(DATASET EXCERPT):
..............................

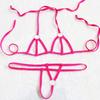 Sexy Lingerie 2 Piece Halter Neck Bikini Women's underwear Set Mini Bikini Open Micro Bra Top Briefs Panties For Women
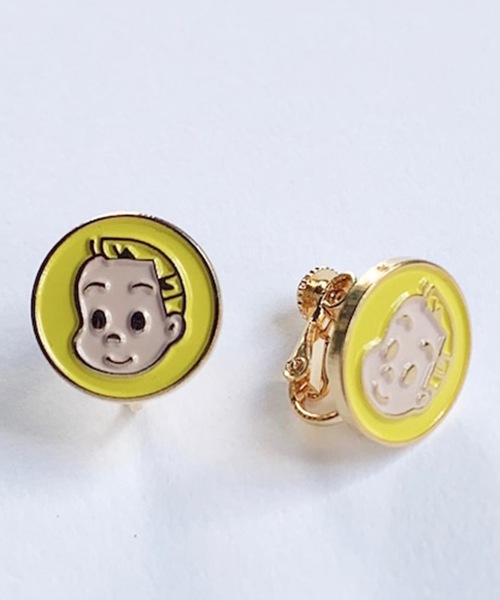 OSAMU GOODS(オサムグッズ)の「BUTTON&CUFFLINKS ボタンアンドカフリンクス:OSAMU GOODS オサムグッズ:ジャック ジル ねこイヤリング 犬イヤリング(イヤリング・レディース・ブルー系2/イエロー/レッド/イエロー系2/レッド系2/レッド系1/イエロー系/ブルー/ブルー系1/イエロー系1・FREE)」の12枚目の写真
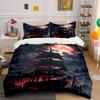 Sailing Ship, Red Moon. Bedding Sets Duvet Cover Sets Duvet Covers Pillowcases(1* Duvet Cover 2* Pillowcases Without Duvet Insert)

..............................

(ACTION ITEM):
Reproduce the material word for word, minus the images.

(SOLUTION TO THE PROBLEM):
 Sexy Lingerie 2 Piece Halter Neck Bikini Women's underwear Set Mini Bikini Open Micro Bra Top Briefs Panties For Women
 OSAMU GOODS(オサムグッズ)の「BUTTON&CUFFLINKS ボタンアンドカフリンクス:OSAMU GOODS オサムグッズ:ジャック ジル ねこイヤリング 犬イヤリング(イヤリング・レディース・ブルー系2/イエロー/レッド/イエロー系2/レッド系2/レッド系1/イエロー系/ブルー/ブルー系1/イエロー系1・FREE)」の12枚目の写真
 Sailing Ship, Red Moon. Bedding Sets Duvet Cover Sets Duvet Covers Pillowcases(1* Duvet Cover 2* Pillowcases Without Duvet Insert)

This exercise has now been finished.